● Task goal: Find the line containing "Maison - 200 m² - 6 pièces" in the entries below. Restate it and each line after it, word for word, up to and including the line containing "Cohoes, NY 12047".

··· Supplied material ···

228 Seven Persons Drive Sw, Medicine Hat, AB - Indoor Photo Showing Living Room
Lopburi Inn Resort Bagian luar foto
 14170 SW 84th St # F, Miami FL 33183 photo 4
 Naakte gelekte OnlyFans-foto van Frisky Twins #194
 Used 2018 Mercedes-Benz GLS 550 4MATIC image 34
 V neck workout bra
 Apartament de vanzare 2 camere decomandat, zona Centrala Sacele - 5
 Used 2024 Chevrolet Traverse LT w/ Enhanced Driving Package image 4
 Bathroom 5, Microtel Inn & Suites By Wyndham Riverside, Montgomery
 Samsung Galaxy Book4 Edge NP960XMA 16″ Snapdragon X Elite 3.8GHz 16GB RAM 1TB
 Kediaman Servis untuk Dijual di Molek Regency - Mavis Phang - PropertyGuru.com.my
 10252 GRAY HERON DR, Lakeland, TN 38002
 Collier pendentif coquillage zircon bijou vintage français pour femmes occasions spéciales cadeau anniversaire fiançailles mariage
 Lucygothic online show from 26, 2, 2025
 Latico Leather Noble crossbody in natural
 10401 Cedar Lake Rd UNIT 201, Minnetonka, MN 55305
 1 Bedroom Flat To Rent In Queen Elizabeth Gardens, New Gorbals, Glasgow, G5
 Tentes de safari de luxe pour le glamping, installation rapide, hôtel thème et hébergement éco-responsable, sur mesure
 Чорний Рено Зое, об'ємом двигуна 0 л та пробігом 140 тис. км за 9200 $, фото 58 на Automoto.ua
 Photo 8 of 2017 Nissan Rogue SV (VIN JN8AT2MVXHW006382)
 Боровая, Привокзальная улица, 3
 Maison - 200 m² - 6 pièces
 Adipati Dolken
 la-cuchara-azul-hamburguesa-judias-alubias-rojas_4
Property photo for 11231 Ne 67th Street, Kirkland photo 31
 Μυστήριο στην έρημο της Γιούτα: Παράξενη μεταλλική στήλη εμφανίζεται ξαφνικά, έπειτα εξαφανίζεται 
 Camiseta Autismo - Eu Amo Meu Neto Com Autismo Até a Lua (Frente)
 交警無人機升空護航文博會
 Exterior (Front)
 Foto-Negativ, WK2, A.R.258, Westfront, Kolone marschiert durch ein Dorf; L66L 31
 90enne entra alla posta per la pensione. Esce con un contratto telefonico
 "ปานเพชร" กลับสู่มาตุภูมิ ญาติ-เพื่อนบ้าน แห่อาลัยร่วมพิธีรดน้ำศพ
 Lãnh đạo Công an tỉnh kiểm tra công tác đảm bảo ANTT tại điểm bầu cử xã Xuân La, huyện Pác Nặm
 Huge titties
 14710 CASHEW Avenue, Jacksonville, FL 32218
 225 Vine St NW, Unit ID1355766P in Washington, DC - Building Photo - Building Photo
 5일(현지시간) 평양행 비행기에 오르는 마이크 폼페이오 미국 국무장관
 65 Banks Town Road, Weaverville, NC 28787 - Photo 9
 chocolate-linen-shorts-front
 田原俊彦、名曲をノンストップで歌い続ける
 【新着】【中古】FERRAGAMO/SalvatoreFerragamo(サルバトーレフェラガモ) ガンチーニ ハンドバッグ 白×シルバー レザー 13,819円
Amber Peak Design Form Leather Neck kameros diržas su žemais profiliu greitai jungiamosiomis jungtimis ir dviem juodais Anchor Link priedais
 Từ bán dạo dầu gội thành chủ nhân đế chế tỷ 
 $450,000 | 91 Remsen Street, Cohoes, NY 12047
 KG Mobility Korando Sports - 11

···

● Solved exercise:
 Maison - 200 m² - 6 pièces
 Adipati Dolken
 la-cuchara-azul-hamburguesa-judias-alubias-rojas_4
Property photo for 11231 Ne 67th Street, Kirkland photo 31
 Μυστήριο στην έρημο της Γιούτα: Παράξενη μεταλλική στήλη εμφανίζεται ξαφνικά, έπειτα εξαφανίζεται 
 Camiseta Autismo - Eu Amo Meu Neto Com Autismo Até a Lua (Frente)
 交警無人機升空護航文博會
 Exterior (Front)
 Foto-Negativ, WK2, A.R.258, Westfront, Kolone marschiert durch ein Dorf; L66L 31
 90enne entra alla posta per la pensione. Esce con un contratto telefonico
 "ปานเพชร" กลับสู่มาตุภูมิ ญาติ-เพื่อนบ้าน แห่อาลัยร่วมพิธีรดน้ำศพ
 Lãnh đạo Công an tỉnh kiểm tra công tác đảm bảo ANTT tại điểm bầu cử xã Xuân La, huyện Pác Nặm
 Huge titties
 14710 CASHEW Avenue, Jacksonville, FL 32218
 225 Vine St NW, Unit ID1355766P in Washington, DC - Building Photo - Building Photo
 5일(현지시간) 평양행 비행기에 오르는 마이크 폼페이오 미국 국무장관
 65 Banks Town Road, Weaverville, NC 28787 - Photo 9
 chocolate-linen-shorts-front
 田原俊彦、名曲をノンストップで歌い続ける
 【新着】【中古】FERRAGAMO/SalvatoreFerragamo(サルバトーレフェラガモ) ガンチーニ ハンドバッグ 白×シルバー レザー 13,819円
Amber Peak Design Form Leather Neck kameros diržas su žemais profiliu greitai jungiamosiomis jungtimis ir dviem juodais Anchor Link priedais
 Từ bán dạo dầu gội thành chủ nhân đế chế tỷ 
 $450,000 | 91 Remsen Street, Cohoes, NY 12047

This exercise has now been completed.